Der Weg nach ganz oben: Weiterbildung lohnt sich

Ist bei 4.000 Euro Schluss? Nein. Markus plant bereits seinen nächsten Schritt. Er will die Ausbildung zur Fachkraft für Schutz und Sicherheit machen. Diese dauert normalerweise drei Jahre.

Mit dem §34a Schein und Berufserfahrung kannst du diese Ausbildung oft verkürzen. Du trittst als externer Prüfling bei der IHK an. Als Fachkraft steigst du in eine völlig neue Tarifgruppe auf. Danach winkt der Meister für Schutz und Sicherheit.

Ein Meistertitel in der Security öffnet die Türen zum Management. Hier verhandelst du dein Gehalt oft frei.

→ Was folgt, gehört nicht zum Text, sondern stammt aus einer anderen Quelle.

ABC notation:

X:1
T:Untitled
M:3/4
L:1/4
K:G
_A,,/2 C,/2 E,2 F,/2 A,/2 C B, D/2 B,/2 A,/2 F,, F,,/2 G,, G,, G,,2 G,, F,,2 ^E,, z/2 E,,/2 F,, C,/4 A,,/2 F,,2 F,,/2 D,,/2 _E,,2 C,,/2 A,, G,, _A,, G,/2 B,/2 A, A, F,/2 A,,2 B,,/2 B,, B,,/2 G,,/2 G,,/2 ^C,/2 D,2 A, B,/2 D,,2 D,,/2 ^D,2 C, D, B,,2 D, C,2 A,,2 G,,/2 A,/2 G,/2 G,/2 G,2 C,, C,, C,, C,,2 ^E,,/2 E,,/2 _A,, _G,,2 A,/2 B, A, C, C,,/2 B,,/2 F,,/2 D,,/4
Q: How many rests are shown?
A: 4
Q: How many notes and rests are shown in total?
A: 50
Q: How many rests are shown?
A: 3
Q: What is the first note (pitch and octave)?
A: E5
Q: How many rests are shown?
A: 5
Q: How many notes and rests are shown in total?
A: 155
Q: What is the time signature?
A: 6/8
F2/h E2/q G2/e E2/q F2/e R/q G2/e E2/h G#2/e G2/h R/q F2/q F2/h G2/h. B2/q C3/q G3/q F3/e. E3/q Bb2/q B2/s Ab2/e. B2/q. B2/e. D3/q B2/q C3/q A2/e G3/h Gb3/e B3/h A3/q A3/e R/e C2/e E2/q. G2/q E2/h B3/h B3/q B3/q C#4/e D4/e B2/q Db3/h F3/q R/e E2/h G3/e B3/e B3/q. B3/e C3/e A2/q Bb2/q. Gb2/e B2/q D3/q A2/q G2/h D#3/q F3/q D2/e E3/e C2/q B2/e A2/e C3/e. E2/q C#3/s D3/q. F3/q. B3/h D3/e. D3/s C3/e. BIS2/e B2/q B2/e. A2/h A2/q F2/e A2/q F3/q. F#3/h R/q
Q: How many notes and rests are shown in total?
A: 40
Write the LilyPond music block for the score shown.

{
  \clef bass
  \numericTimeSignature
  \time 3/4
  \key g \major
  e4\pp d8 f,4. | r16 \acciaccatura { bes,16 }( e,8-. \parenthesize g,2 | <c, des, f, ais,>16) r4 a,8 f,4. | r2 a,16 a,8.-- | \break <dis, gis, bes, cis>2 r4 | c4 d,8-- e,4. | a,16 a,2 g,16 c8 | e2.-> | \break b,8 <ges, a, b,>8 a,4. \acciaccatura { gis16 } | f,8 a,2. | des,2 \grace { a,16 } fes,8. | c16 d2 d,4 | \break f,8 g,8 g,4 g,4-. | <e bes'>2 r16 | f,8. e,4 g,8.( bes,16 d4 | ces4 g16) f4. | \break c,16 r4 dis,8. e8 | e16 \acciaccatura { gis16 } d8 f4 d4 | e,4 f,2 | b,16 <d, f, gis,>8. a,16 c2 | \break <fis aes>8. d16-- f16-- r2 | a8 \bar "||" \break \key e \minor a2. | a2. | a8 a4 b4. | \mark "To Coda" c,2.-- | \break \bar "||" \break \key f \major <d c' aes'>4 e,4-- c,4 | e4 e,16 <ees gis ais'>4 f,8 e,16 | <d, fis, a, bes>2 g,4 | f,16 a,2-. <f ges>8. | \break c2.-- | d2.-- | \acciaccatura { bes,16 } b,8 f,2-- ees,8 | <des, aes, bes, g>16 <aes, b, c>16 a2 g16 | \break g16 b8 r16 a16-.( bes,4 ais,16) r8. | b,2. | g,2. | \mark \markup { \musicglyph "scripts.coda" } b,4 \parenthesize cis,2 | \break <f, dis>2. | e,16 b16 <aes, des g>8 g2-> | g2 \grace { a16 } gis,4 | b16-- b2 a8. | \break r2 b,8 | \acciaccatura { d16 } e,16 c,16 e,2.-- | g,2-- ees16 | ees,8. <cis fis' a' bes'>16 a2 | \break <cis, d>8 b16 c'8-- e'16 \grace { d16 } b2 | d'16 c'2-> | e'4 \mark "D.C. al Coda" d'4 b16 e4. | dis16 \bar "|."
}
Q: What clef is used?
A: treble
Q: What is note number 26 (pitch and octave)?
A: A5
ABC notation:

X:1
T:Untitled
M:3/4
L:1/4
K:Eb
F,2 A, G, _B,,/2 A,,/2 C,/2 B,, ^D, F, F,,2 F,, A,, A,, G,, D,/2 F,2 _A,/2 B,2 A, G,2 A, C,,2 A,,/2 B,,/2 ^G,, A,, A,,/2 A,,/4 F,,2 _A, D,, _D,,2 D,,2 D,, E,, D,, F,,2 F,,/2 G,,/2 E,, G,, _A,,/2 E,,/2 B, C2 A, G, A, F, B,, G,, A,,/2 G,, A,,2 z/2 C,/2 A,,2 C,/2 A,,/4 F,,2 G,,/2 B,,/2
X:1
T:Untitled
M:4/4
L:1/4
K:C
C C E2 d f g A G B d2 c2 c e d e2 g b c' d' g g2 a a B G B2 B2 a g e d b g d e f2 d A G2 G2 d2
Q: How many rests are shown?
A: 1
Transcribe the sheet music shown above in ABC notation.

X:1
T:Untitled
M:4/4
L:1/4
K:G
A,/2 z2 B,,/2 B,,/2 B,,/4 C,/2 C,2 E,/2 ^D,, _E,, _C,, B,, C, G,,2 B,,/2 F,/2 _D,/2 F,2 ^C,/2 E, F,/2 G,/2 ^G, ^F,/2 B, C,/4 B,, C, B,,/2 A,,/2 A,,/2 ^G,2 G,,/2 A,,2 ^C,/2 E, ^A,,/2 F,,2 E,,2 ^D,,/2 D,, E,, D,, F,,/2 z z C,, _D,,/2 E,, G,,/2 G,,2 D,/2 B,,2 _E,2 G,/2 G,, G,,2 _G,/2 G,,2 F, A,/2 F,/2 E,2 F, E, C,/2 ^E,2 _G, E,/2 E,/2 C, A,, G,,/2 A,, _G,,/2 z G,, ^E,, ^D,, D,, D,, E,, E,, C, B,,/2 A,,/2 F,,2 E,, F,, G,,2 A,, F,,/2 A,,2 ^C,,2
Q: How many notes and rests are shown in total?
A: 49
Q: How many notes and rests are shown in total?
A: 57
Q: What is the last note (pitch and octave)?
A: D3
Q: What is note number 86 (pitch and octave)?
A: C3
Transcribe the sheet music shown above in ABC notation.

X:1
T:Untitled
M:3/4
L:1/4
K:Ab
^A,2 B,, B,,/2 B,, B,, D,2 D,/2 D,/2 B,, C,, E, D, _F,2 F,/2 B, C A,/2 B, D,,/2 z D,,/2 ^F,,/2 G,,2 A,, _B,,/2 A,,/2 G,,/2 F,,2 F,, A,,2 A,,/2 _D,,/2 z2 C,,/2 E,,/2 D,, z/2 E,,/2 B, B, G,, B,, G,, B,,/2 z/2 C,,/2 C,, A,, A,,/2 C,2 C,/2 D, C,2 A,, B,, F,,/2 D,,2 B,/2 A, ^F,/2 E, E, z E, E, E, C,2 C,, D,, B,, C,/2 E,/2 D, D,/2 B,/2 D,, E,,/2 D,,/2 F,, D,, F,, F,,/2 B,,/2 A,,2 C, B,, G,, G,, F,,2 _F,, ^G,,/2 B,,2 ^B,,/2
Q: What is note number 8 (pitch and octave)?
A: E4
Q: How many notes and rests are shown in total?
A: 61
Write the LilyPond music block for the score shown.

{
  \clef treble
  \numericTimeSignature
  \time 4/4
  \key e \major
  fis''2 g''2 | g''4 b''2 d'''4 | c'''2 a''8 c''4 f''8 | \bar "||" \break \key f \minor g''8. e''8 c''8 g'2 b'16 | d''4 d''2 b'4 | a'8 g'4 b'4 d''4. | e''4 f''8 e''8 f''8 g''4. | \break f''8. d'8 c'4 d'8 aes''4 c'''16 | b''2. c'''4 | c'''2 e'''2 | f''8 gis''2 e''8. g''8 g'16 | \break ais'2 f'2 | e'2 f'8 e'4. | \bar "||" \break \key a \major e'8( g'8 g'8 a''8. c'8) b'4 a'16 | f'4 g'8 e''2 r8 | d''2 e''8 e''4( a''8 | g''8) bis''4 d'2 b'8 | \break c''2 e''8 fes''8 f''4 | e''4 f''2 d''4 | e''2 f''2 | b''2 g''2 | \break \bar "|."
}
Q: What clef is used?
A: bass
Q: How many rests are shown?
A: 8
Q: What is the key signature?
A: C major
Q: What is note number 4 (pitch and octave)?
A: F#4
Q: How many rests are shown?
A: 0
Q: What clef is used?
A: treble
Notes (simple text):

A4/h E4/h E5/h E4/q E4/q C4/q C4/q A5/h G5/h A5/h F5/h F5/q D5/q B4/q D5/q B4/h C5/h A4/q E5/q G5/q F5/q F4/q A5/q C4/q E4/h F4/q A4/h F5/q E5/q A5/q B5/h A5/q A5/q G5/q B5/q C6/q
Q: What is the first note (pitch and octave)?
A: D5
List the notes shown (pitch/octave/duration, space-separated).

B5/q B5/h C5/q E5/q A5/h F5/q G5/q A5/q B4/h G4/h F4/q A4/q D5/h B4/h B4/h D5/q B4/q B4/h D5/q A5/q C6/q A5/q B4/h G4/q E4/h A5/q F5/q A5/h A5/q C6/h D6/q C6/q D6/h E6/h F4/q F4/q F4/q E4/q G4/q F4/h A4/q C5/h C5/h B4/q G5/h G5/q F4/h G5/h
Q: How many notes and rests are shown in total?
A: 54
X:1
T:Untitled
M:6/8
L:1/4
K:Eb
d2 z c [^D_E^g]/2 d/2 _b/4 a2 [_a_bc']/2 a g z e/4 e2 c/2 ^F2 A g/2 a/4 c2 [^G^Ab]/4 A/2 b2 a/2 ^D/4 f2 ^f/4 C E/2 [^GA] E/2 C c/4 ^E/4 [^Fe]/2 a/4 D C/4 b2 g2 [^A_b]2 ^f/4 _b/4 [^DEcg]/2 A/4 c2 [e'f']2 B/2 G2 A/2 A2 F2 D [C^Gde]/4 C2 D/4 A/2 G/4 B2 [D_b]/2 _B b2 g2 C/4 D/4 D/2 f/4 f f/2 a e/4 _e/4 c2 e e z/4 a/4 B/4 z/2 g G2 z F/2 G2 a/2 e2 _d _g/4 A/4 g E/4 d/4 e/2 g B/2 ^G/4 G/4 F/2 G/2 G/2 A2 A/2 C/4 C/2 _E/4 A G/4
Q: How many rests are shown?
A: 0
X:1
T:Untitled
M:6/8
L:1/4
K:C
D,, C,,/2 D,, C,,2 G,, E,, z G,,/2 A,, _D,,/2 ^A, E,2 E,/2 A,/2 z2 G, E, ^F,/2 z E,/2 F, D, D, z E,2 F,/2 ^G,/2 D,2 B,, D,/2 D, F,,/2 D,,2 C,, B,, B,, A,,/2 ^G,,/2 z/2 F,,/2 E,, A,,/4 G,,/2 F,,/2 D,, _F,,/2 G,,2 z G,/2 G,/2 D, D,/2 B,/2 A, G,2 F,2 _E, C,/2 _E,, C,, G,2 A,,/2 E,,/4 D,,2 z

Markus rät heute jedem Anfänger: Mach den Schein. Sammle ein Jahr harte Erfahrung an der Basis. Dann spezialisiere dich sofort. Die Branche belohnt Zuverlässigkeit und tiefes rechtliches Wissen.

Häufige Fragen

Muss ich wirklich mein Leben lang Nachtschichten machen für gutes Geld?

Nein, das musst du nicht. Nachtschichten bringen zwar steuerfreie Zuschläge, aber Führungspositionen bieten ein höheres Grundgehalt. Als Einsatzleiter oder Objektmanager arbeitest du oft zu normalen Bürozeiten und verdienst trotzdem sehr gut.

Wie viel mehr verdiene ich als Revierfahrer im Vergleich zum normalen Objektschutz?

Als Revierfahrer verdienst du meist 200 bis 400 Euro brutto mehr im Monat. Du trägst mehr Verantwortung und bist allein unterwegs. Zudem zahlen viele Arbeitgeber eine zusätzliche Mobilitätszulage.

Reicht es, wenn ich den §34a Schein habe, um Personenschützer zu werden?

Nein, der Schein ist nur die gesetzliche Mindestvoraussetzung. Für den bewaffneten Personenschutz brauchst du zusätzlich die Waffensachkunde. Außerdem fordern Arbeitgeber spezielle Weiterbildungen in Taktik und Fahrsicherheit.

Stimmt es, dass man in der Security immer nur den gesetzlichen Mindestlohn bekommt?

Das ist ein weit verbreiteter Irrtum. Die Branche wird nach regionalen Tarifverträgen bezahlt. Diese liegen fast immer über dem gesetzlichen Mindestlohn und steigen mit deiner Qualifikation.

Was passiert, wenn ich nach der Prüfung direkt eine eigene Sicherheitsfirma gründe?

Du darfst ein Gewerbe anmelden, trägst aber sofort das volle unternehmerische Risiko. Ohne Branchenerfahrung ist es schwer, lukrative Aufträge zu gewinnen. Sammle erst praktische Erfahrung als Angestellter, bevor du diesen Schritt gehst.